Australian businesses – including superannuation companies and insurance houses – are far too willing to pay when hit by ransomware, encouraging further attacks, according to security experts at Deloitte.
James Nunn-Price, cyber risk leader for Deloitte in Asia Pacific, said Australia offered too much “low-hanging fruit” to cyber criminals and that he had been “amazed at how many Australian businesses pay the money” when hit with a ransomware attack through Crypto Locker and the like.

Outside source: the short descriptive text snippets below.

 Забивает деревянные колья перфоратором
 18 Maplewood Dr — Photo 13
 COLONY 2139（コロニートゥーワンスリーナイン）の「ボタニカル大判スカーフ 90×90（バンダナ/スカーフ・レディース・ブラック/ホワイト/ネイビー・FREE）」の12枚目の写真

Nunn-Price said he was aware of superannuation companies and even insurance houses being prepared to pay the sums demanded – which may initially be as low as AUD300-500 – to regain access to their data.
“Then they wonder why they get hit again and this time with an extra 0 on the end,” he said.

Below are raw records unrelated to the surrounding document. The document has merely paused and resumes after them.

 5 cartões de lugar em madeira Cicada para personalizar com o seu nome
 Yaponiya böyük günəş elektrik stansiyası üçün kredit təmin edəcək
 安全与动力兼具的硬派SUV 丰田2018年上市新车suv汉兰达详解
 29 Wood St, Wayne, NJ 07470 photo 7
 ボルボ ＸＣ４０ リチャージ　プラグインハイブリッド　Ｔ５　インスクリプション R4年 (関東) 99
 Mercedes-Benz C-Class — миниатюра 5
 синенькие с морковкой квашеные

Mary Galligan, a director at Deloitte and Touche, and a former FBI cyber special agent who was in Sydney this month, identified ransomware as one of the key security threats facing Australian businesses.
Although the initial ransom amounts might only be a couple of hundred dollars, Galligan said that when the FBI arrested one group of ransomware criminals last August, it discovered that this approach had netted it $30m over a year.
The Australian Cyber Security Centre’s (ACSC) 2015 cyber security survey of major Australian businesses, which was released in December, showed that the number of ransomware attacks had quadrupled since 2013. Some 72% of respondents said they had experienced a ransomware attack, compared with 17% in 2013.
Respondents also said ransomware was the security risk they feared most.
Galligan said there is widespread awareness of ransomware – which she described as outright extortion – but added: “The threat actors go to wherever is the weakest kid on the block.”
To help tackle the problem, Galligan advocated corporate cultures where employees are encouraged to report attempted, or successful, security incidents.
At present, it appears many security issues are being swept under the carpet. The ACSC report found that 51% of survey respondents had reported cyber security incidents, mainly to CERT Australia, law enforcement authorities or a regulator.
However, 43% of respondents did not report a cyber security incident to anyone. The report notes: “Reporting cyber security incidents ensures that appropriate and timely assistance can be provided. It also helps to develop a threat picture and assist other organisations that may also be at risk.”
Deloitte’s specialists said there was an emerging trend, particularly among government agencies and financial institutions, to share their security experiences more widely in the hope of adding to the general body of knowledge and protect other companies from similar attacks.